Hand back, word for word, the lines from the one containing "Kitchen - 136 Pulaski St" to the end of the records, both included, and leave out pictures.

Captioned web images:

[Start of section]

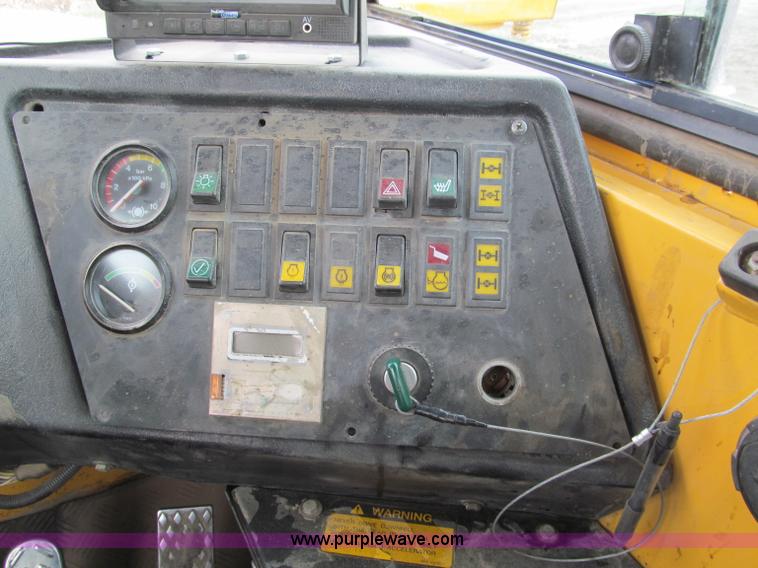 image for item F5012 1995 Volvo A35 haul truck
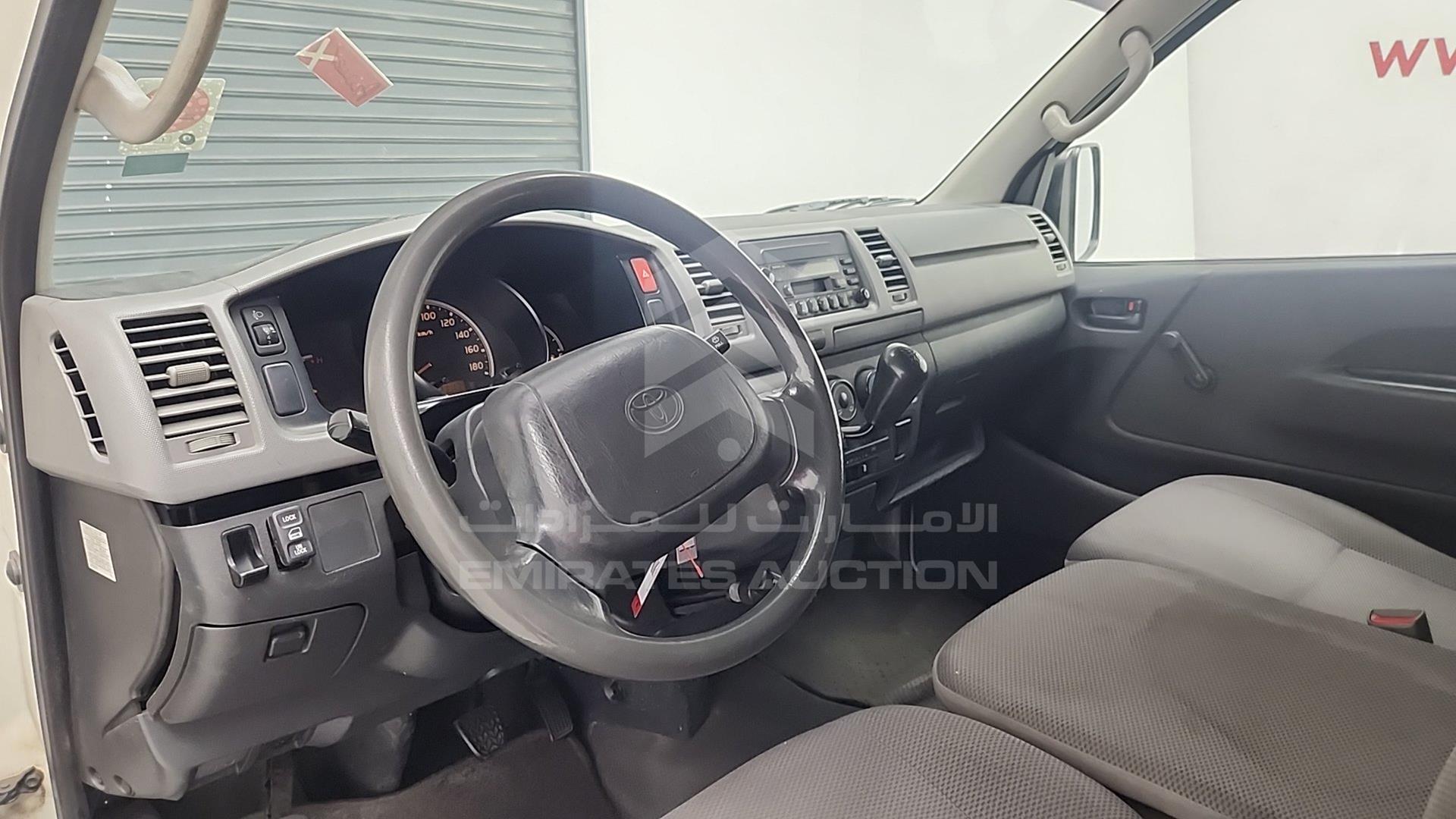 2007 TOYOTA HIACE VIN: JTGJX02P475007625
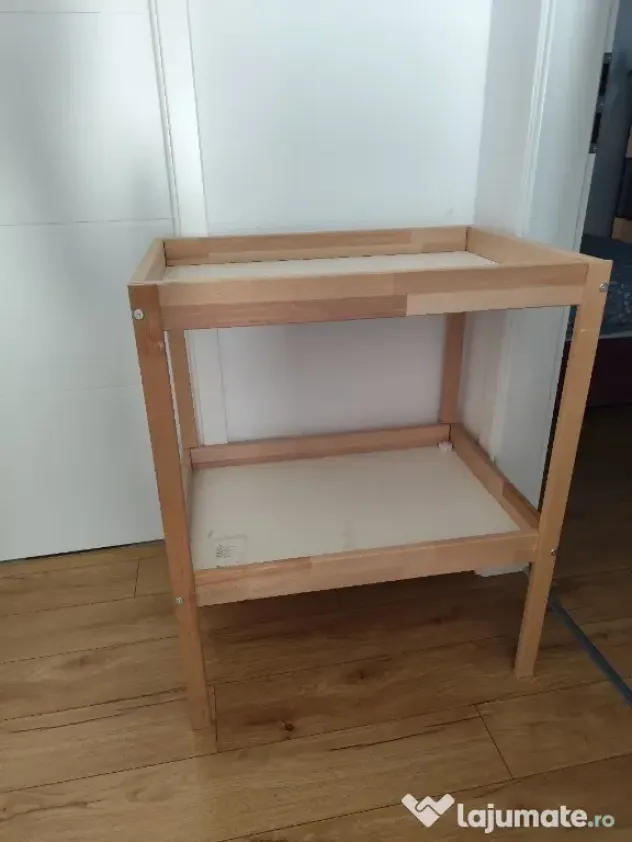 măsuță de înfășat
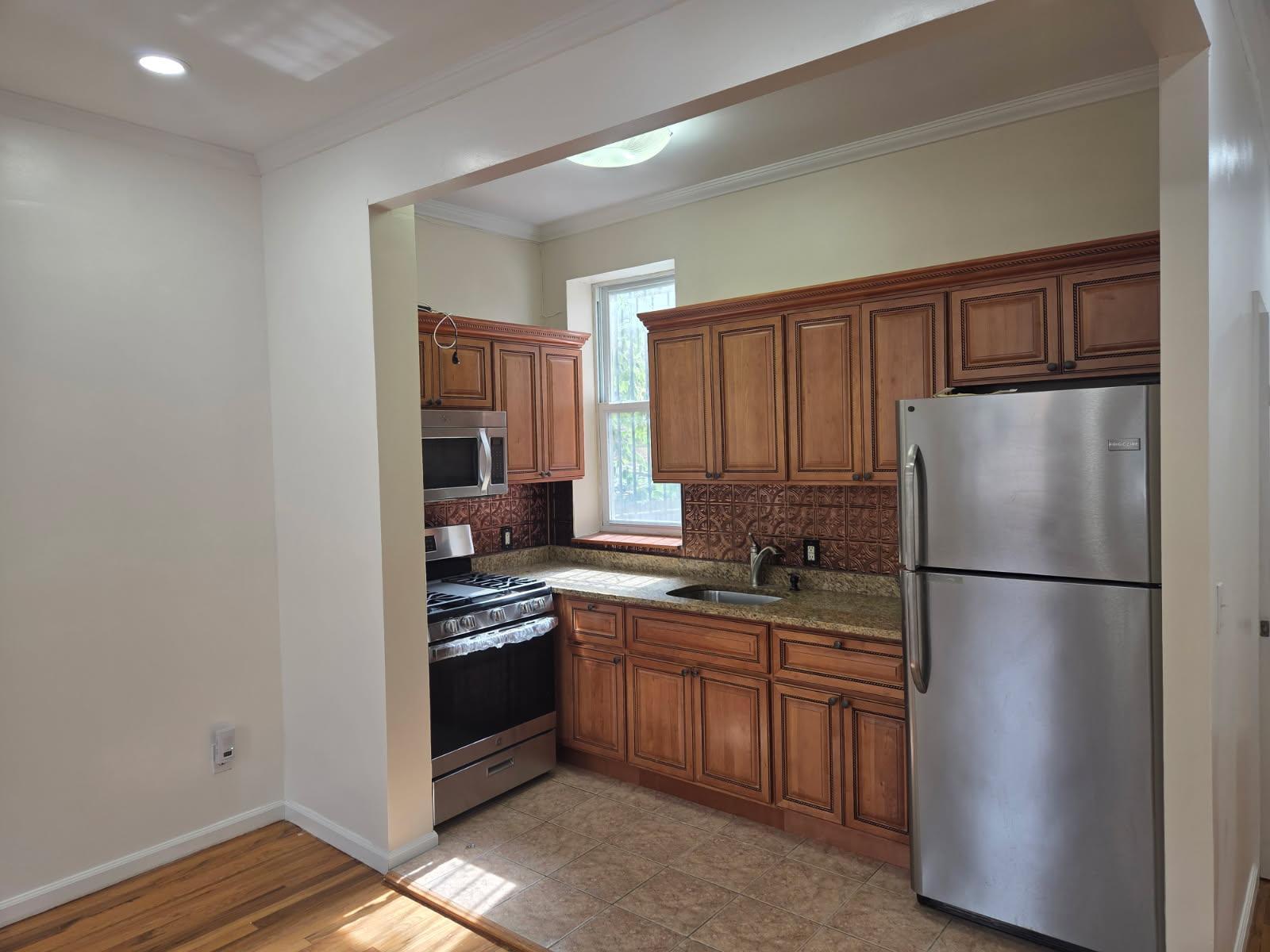 Kitchen - 136 Pulaski St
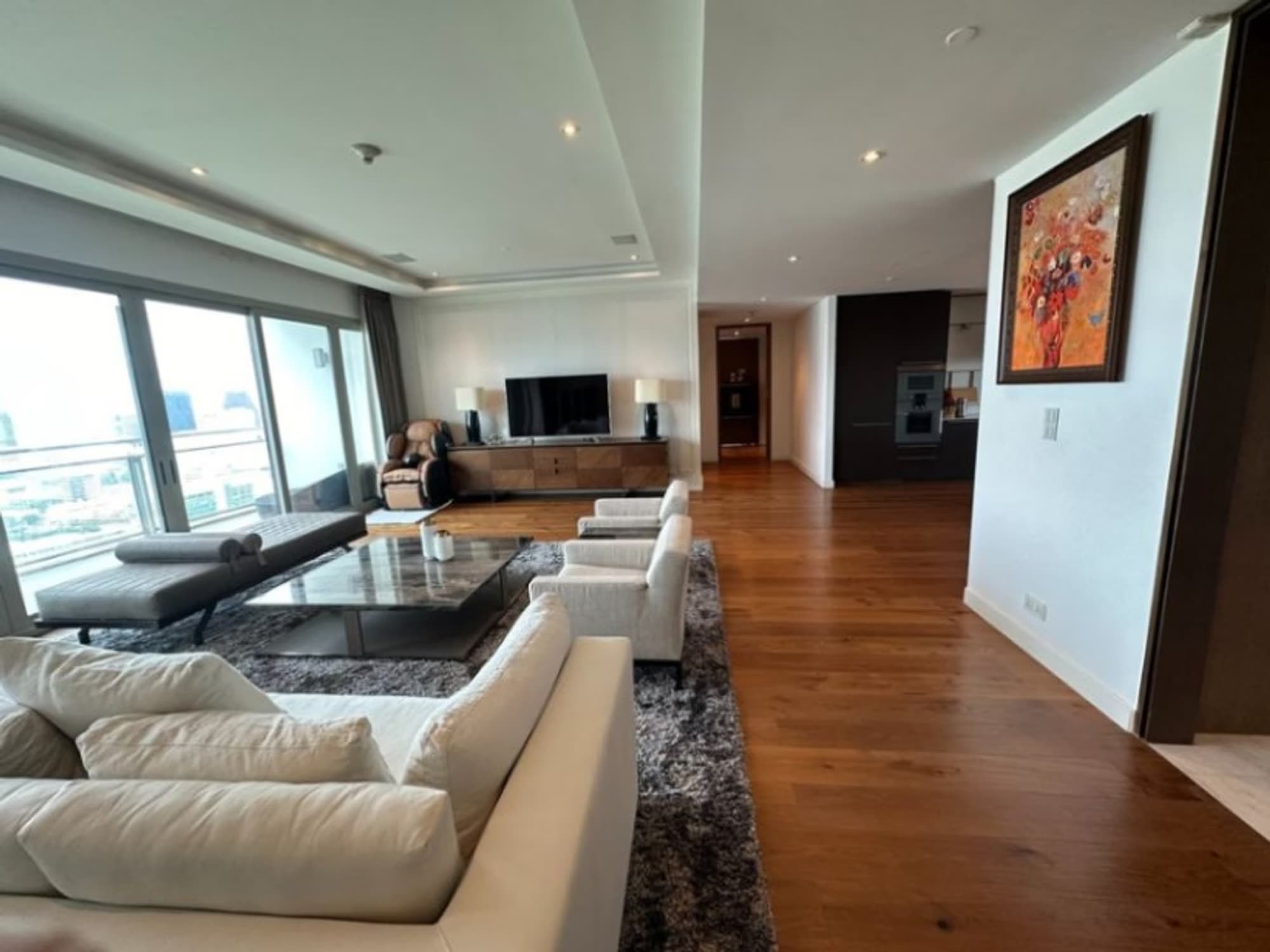 3 Bed Condo for Sale in Pathum Wan - Image 2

[End of section]

» Expected output:
 Kitchen - 136 Pulaski St
 3 Bed Condo for Sale in Pathum Wan - Image 2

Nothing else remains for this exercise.